彼らが農場に上りついたとき、彼はトールにこわばった笑いを向けた。
「君はなかなか強いな、、、」とかれは努力して冷静を保って言った。「けれどもわしはちょっと君の力を試そうと思うのだよ。君がわしの大きな鍋を持って帰れるかどうかを試すために」
 彼らが家に入るとティールの優しいお母さんは手を振り絞って大きな鯨の釣果を褒め称えた。ヒーメルは急いで家の奥へ入っていった。
 「さあ、これだ!」と彼は戻ってきてトールに言った。「わしの水晶の酒杯を壊せるのだったら君は鍋を持ち帰っても良い」と彼は言った。
 トールは酒杯を調べ、それから力いっぱい石の柱に投げつけた。柱は粉々になったがトールが身をかがめて酒杯を探すとそれはまったく壊れていなかった。ティールのお母さんはトールが石のかけらを拾うのを手伝いながら助言を囁いた。
「彼の額を試してごらんなさい。あれは石より硬いから」と彼女は聞こえないくらいの声で言った。
トールは酒杯をしっかりつかむと立ち上がって後ろを振り向きヒーメルの額に酒杯を投げつけた。
 酒杯は二つに割れ、やぶにらみの嵐の目にびっくりした表情を浮かべて、よろよろと後ずさった。トールは彼のその嵐の目にまだ力が戻っていないことを喜んだ。

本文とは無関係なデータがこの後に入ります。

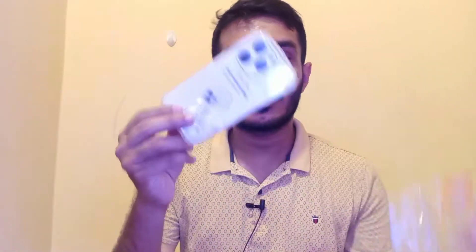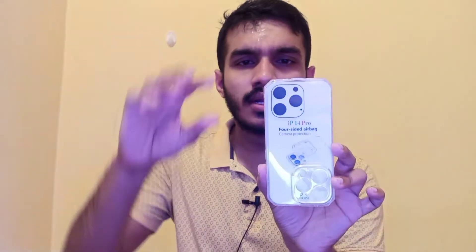If you open it, it's a transparent cover. It has 4 edges.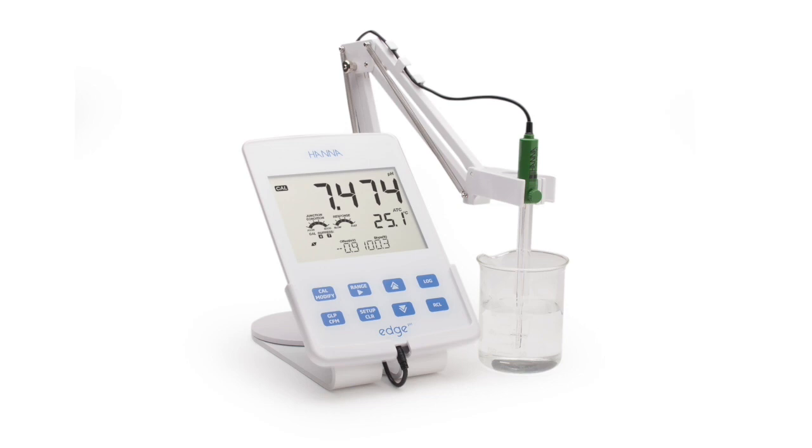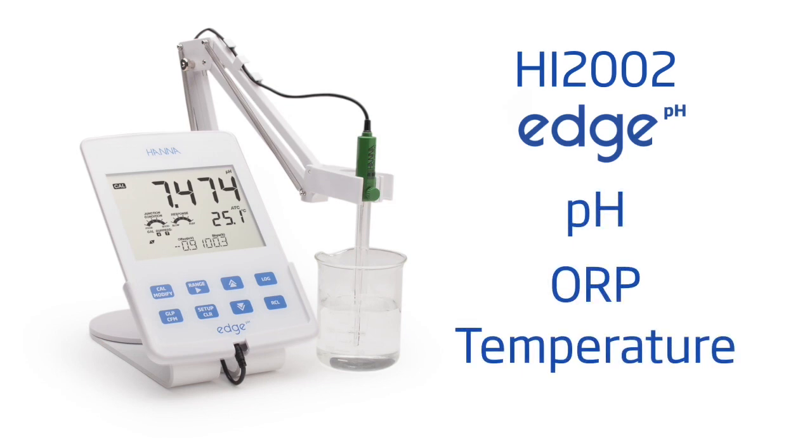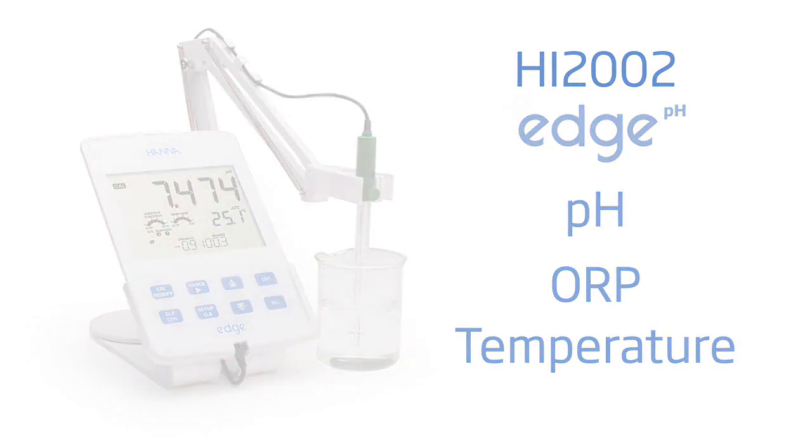The HI2002 is part of Hanna Instruments' line of single-parameter edge meters and is specifically designed for the measurement of pH, ORP, and temperature.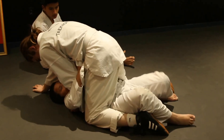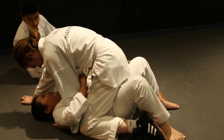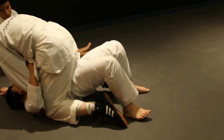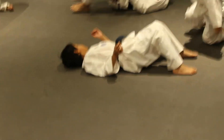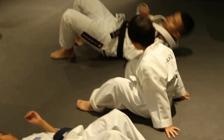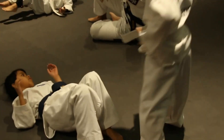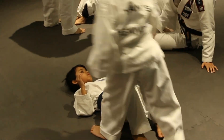Pick your hips up. Do it hard. Don't do it right now. You have to push my belt up like that — I'm going to turn like that. If you don't push up and turn, it won't work on a bigger person.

「あああああああああ!」ヒーメルはわめいた。「鍋を持って消えてくれ!お前なんかもうここにいてほしくない!」
 トールとティールはその大きな鍋のところへ急いだ。ティールはそれを少しも動かすことができなかったので、トールは自分でそれを持ち上げた。彼をそれを持ち上げることに成功し、頭の上に乗せた。そしてゆっくりと家に向かった。ティールは彼の横を歩いた。
 彼らが少し歩み進んだときに、ティールは彼らが後をつけられているといった。トールはううっとうめいて鍋を放り投げ、彼らの後ろの道をにらんだ。
「こんどはなんだっていうんだ?!」
 何人かの巨人が道の遠くのほうに見え隠れした。トールは腰のベルトからハンマーを取り出し大きな叫び声とともにそれを投げつけた。巨人たちは互いに倒れ掛かり道に伏してしまった。
そうさ、お前さんたちが想像するように、海の神エーギルはこの冒険以来すべての神々に蜂蜜酒を振舞えるほど大きな鍋をもつことになったのさ。そしてこれ以降、彼は毎年神々を宴会に招かねばならなくなったのさ。